我会检查一下，但由于我使用 csr 并尝试获取行，应该没问题
您使用的是哪个版本的 scipy？您可以通过import scipy; print(scipy.__version__) 查询
可能需要在 SO 或 scipy github 上搜索“稀疏”和“分段错误”。

标签： python scipy segmentation-fault sparse-matrix

【解决方案1】：

我想我已经重新创建了 csr 行索引：

def extractor(indices, N):
   indptr=np.arange(len(indices)+1)
   data=np.ones(len(indices))
   shape=(len(indices),N)
   return sparse.csr_matrix((data,indices,indptr), shape=shape)

在我闲逛的csr 上进行测试：

In [185]: M
Out[185]: 
<30x40 sparse matrix of type '<class 'numpy.float64'>'
    with 76 stored elements in Compressed Sparse Row format>

In [186]: indices=np.r_[0:20]

In [187]: M[indices,:]
Out[187]: 
<20x40 sparse matrix of type '<class 'numpy.float64'>'
    with 57 stored elements in Compressed Sparse Row format>

In [188]: extractor(indices, M.shape[0])*M
Out[188]: 
<20x40 sparse matrix of type '<class 'numpy.float64'>'
    with 57 stored elements in Compressed Sparse Row format>

与许多其他csr 方法一样，它使用矩阵乘法来产生最终值。在这种情况下，稀疏矩阵在所选行中为 1。时间其实还好一点。

In [189]: timeit M[indices,:]
1000 loops, best of 3: 515 µs per loop
In [190]: timeit extractor(indices, M.shape[0])*M
1000 loops, best of 3: 399 µs per loop

在您的情况下，提取器矩阵的形状为 (len(training_indices),347)，只有 len(training_indices) 值。所以不大。

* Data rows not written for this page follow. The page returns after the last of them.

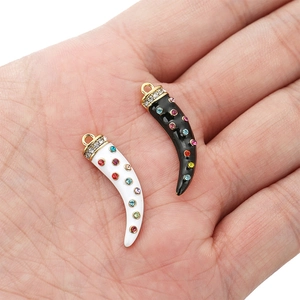 Enamel horn pendant necklace with white zircons and colorful rhinestones in hand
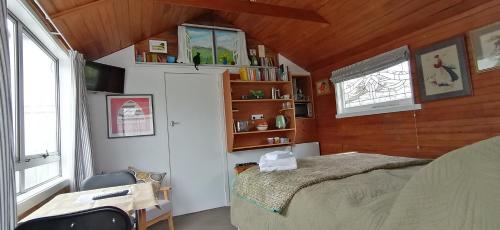 een slaapkamer met een bed in een kamer met houten plafonds bij Garden Cottage in Hastings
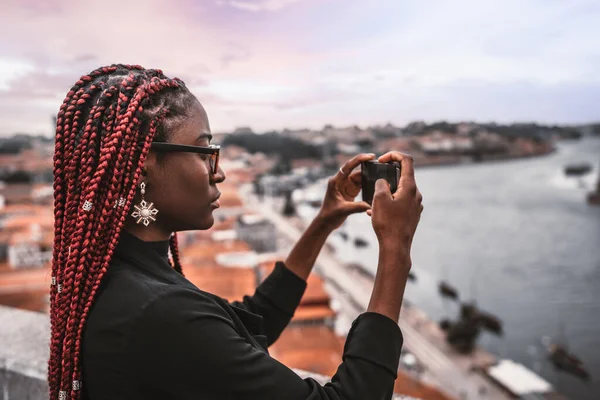 一个年轻的非洲女旅行家用她的智能手机用红色的盒子辫子拍摄旅游景点的侧面照片 一个黑人女旅行家用手机拍摄城市风景全景 — 图库照片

但如果matrix 太大（或至少第二维如此之大）以至于它在矩阵乘法例程中产生一些错误，它可能会在没有 python/numpy 捕获它的情况下引起分段错误。

matrix.sum(axis=1) 是否有效。这也使用了矩阵乘法，尽管使用的是 1 的密集矩阵。还是sparse.eye(347)*M，类似大小的矩阵乘法？

【讨论】：

确实，两者都不起作用，sum 返回IndexError: index 21870 out-of-bounds in add.reduceat [0, 20815)，矩阵乘法返回分段错误。所以我唯一的解决方案是自己编写一个更慢但内存效率更高的代码来分割我的矩阵？
虽然我的第一个猜测是内存错误，但我现在怀疑这是大量的列，或者更确切地说是某些列索引的值很大。如果它不能求和或做矩阵乘法，它可能会在学习代码中出现问题。